WHAT YOU ARE ASKED TO DO> Your reply is to be the lines below, exactly as written, with images omitted.

COLLECTED DATA>

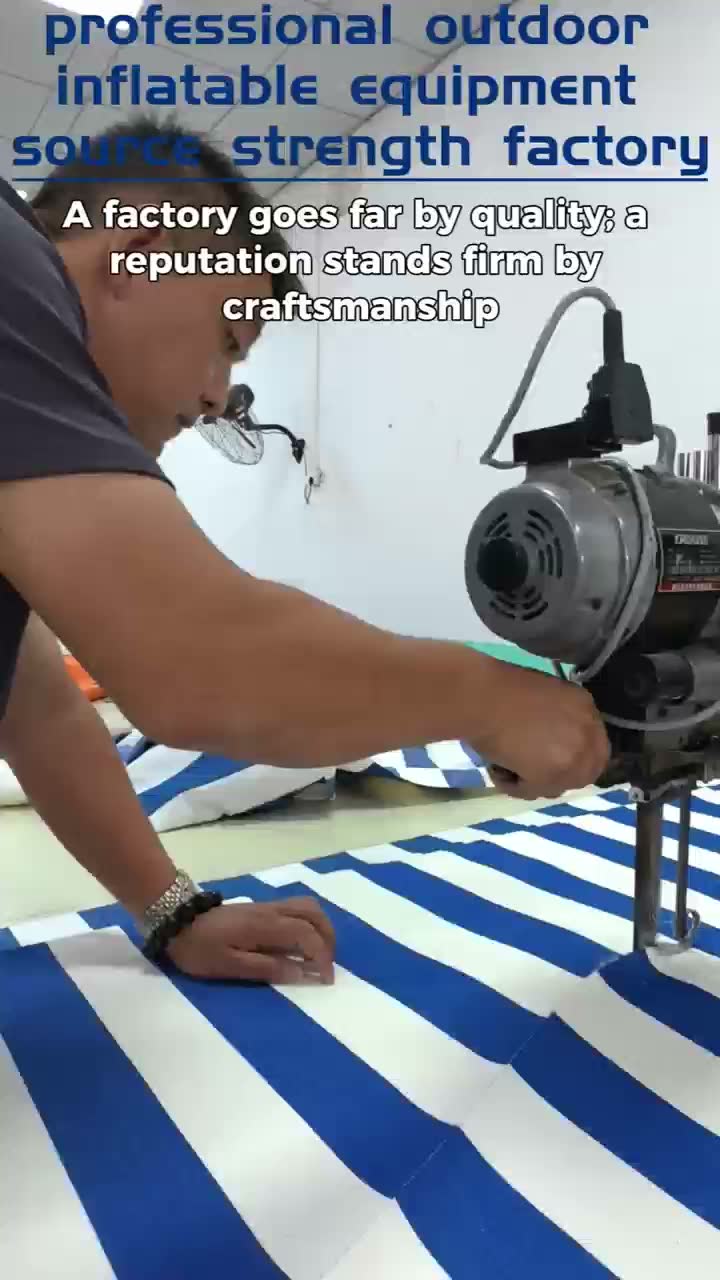 Inflatable Product Quality Testing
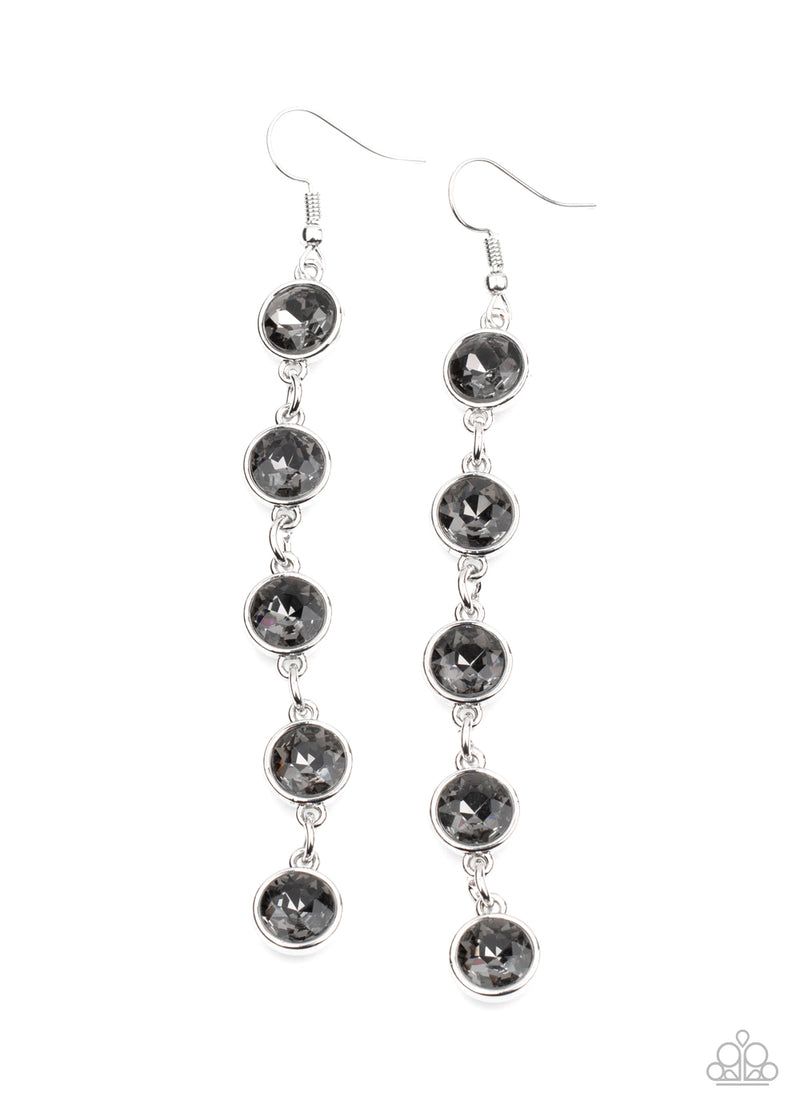 Trickle Down Twinkle - Silver - Patricia's Passions Jewelry Boutique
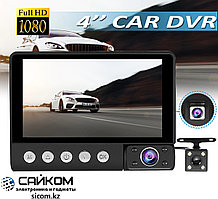 Видеорегистратор Video Car DVR С9 / Full HD / c 3-мя Кaмepaми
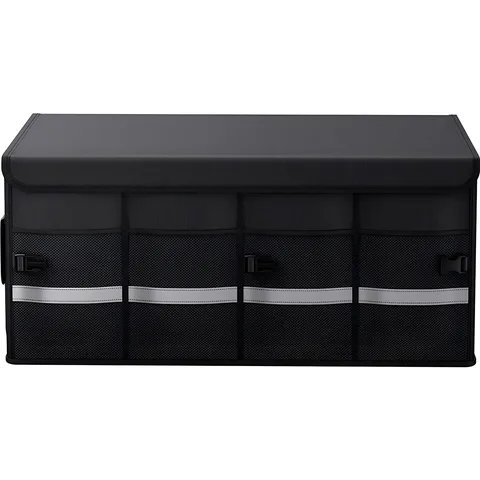 Автомобильный органайзер Baseus OrganizeFun Series Car Storage Box 60L (C20256501111-00) Cluster Black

YOUR SOLUTION>
 Inflatable Product Quality Testing
 Trickle Down Twinkle - Silver - Patricia's Passions Jewelry Boutique
 Видеорегистратор Video Car DVR С9 / Full HD / c 3-мя Кaмepaми
 Автомобильный органайзер Baseus OrganizeFun Series Car Storage Box 60L (C20256501111-00) Cluster Black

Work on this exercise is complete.